WORK REQUIRED:
Return only these lines: the one that contains "Salah seorang pemain" and every line after it through the end of the listing, exactly, without pictures.

INFORMATION SHOWN:
++++++++
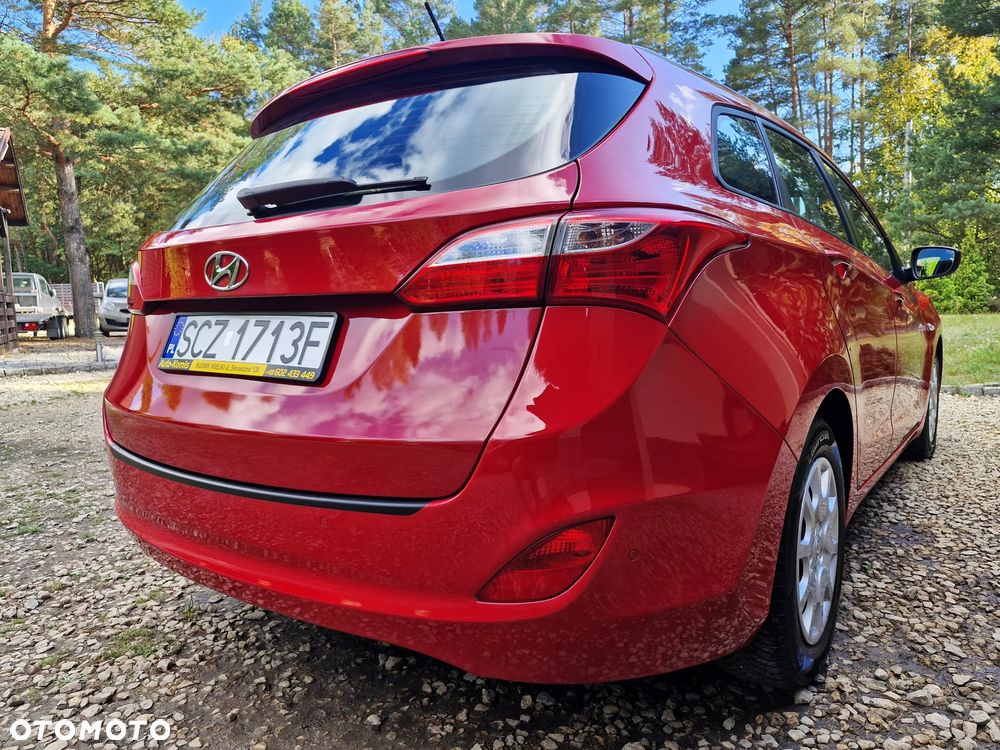 Hyundai i30 1.4 Intro Edition - 4
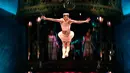 Salah seorang pemain akrobat menampilkan aksinya saat pratinjau media untuk pertunjukan ‘Cirque Du Soleil: Kooza’ di Singapura, Selasa (11/7). Kata Kooza berarti ‘kotak’ atau ‘harta karun’ yang merupakan konsep pertunjukan ini. (AP/ Wong Maye-E)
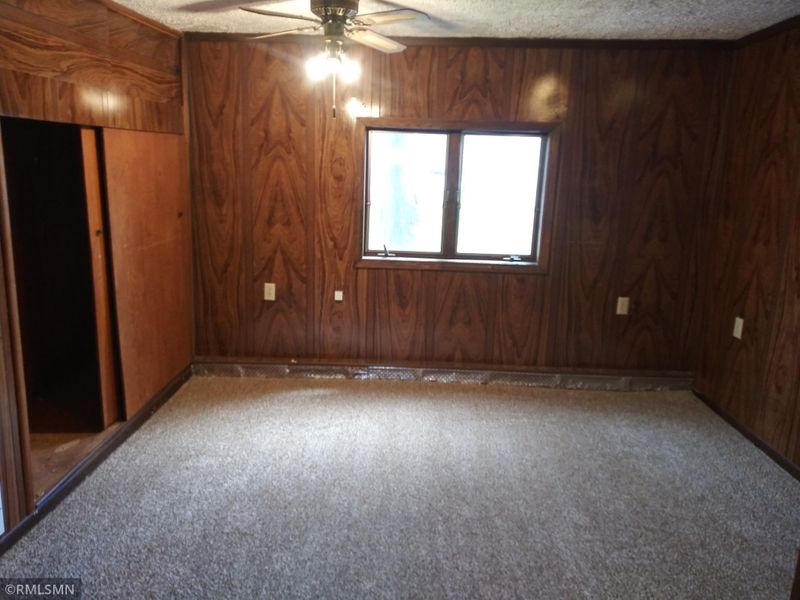 152 8th St NW, Milaca, MN 56353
++++++++
RESULT OF THE TASK:
 Salah seorang pemain akrobat menampilkan aksinya saat pratinjau media untuk pertunjukan ‘Cirque Du Soleil: Kooza’ di Singapura, Selasa (11/7). Kata Kooza berarti ‘kotak’ atau ‘harta karun’ yang merupakan konsep pertunjukan ini. (AP/ Wong Maye-E)
 152 8th St NW, Milaca, MN 56353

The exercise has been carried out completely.